La materialización de estas relaciones de cooperación se concreta en el Concordato entre el Estado español y la Santa Sede (1953); los Acuerdos internacionales entre el Estado español y la Santa Sede (1976 y 1979) y los Acuerdos de cooperación entre el Estado español y la Federación de Entidades Religiosas Evangélicas de España, la Federación de Comunidades Judías de España y la Comisión Islámica de España (1992).
Un Estado laico, en cambio, es aquel en el que su condición de neutralidad en materia religiosa es tal que, aún admitiendo todas las religiones y permitiendo la libertad de culto, ninguna de ellas ocupa una posición de privilegio ni permite la más mínima injerencia de éstas en el funcionamiento y organización del Estado. Del mismo modo, el Estado no favorece ni discrimina a una o a otra, ni financia públicamente ninguna Iglesia ni institución religiosa.
Según estas definiciones, podemos ver que el sentido del citado artículo 16.3 de la Constitución lleva a la propia carta magna al terreno de la ambigüedad, definiendo de entrada un Estado aconfesional pero estableciendo a continuación la situación de privilegio de una confesión, la católica, respecto de las demás.
Desde algunos sectores, principalmente favorables a que el Estado continúe financiando a la Iglesia católica, se apela a la igualdad de trato de las diferentes confesiones religiosas establecidas en España, al menos de las que tienen cierto arraigo entre la población (de ahí los acuerdos de cooperación antes señalados). Pero este modelo olvida a una gran parte de la sociedad, la compuesta por los fieles o seguidores de las otras confesiones que quedan fuera de los acuerdos y la cada vez mayor presencia de personas que directamente se declaran no creyentes o que no se encuadran dentro de ninguna Iglesia o confesión formal.

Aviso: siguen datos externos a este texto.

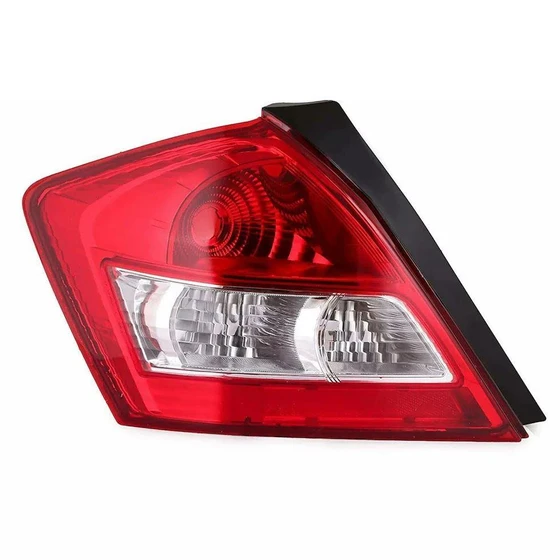 apsmotiv-tail-light-2.webp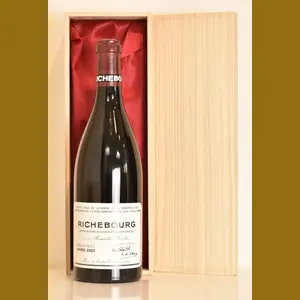2003 Domaine de la Romanee-Conti   Richebourgフランス産ヴィンテージワイン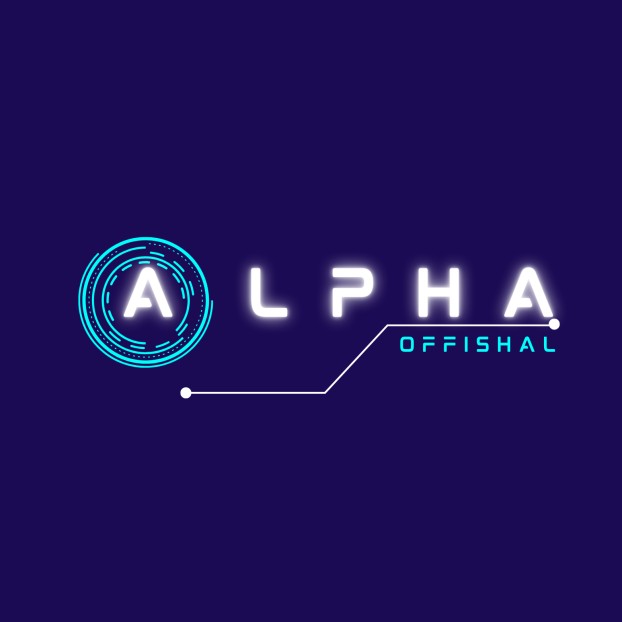 Alphaoffishal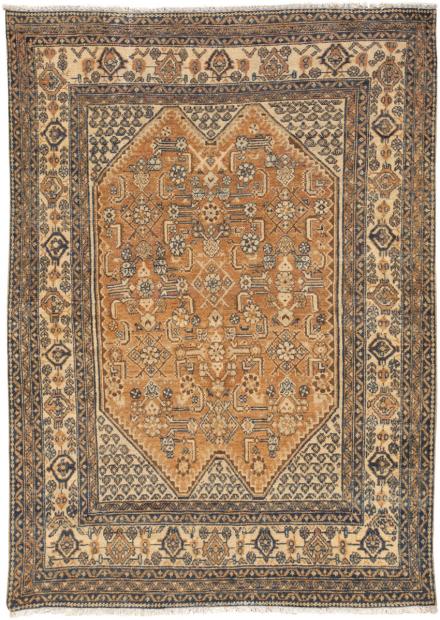 Antique Malayer Rug 43996 Main Image - By Nazmiyal Antique Malayer Rug 43996 Main Image - By Nazmiyal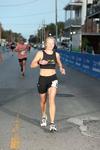2025-nov-23-pnslastmile5k-1-1650-1700-IMG_0243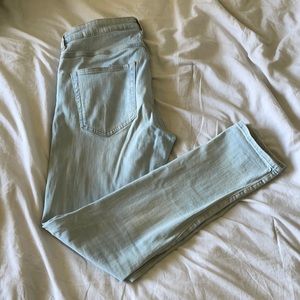 MENS H&M Jeans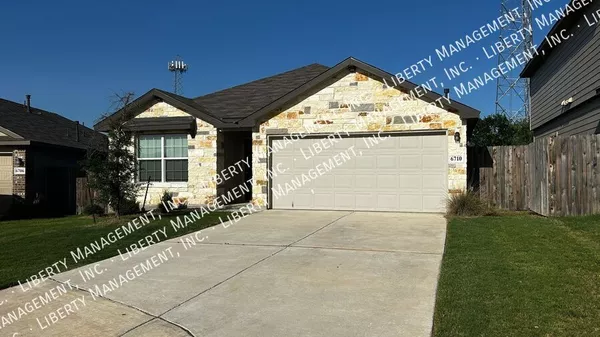 4 bedrooms apartment for rent in Inner West Side - West SATX, San Antonio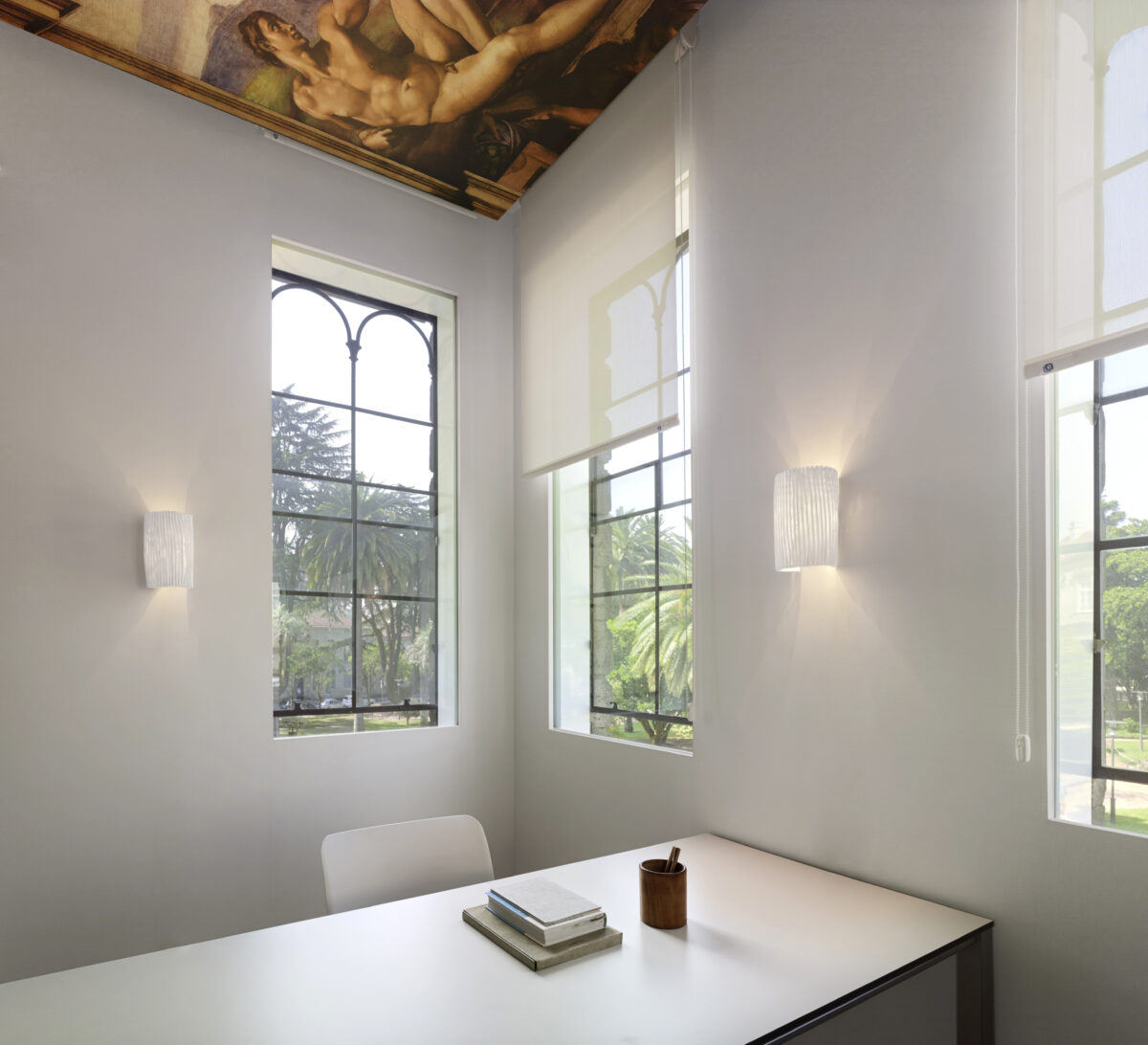 A-Emotional Light – Leuchtenserie Gea – Bild 16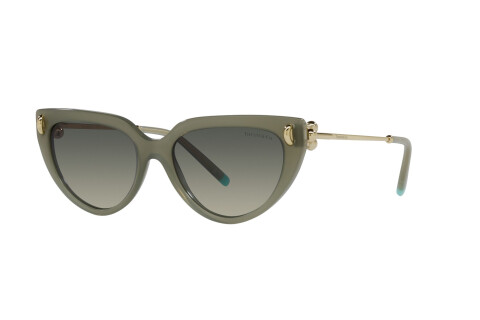 Солнцезащитные очки Tiffany TF 4195 (835811)
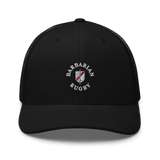 Tri-Cities Trucker Cap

Otro aspecto que no debemos pasar por alto a la hora de referirnos a lo que podemos llamar modelo español es el hecho de la cada vez mayor multiculturalidad de nuestra sociedad. La convivencia de diversas culturas ha traído consigo la contemporaneidad de diferentes costumbres y creencias, dos de los aspectos que más influyen en la moral individual y colectiva de las personas. Este hecho hace que lo que se ajuste a la moral de unos pueda no hacerlo a la de otros. Es decir, la diversidad del hecho religioso termina por convertirse en un elemento discriminatorio, un factor de separación totalmente alejado de ese sustrato común que aglutinaba a toda la población en tiempos pasados. Hoy en día, la diversidad de creencias se opone a la conformación de una ética válida y común para esa sociedad multicultural.
Por todo ello el Estado laico se presenta como la única opción capaz de ofrecer un marco común a toda la ciudadanía, independientemente de sus creencias o convicciones. Este modelo proporciona un suelo limpio de prejuicios sobre el que construir una estructura de convivencia en base a los valores que nos son comunes a todos (democracia, libertad, Derechos Humanos, etc.).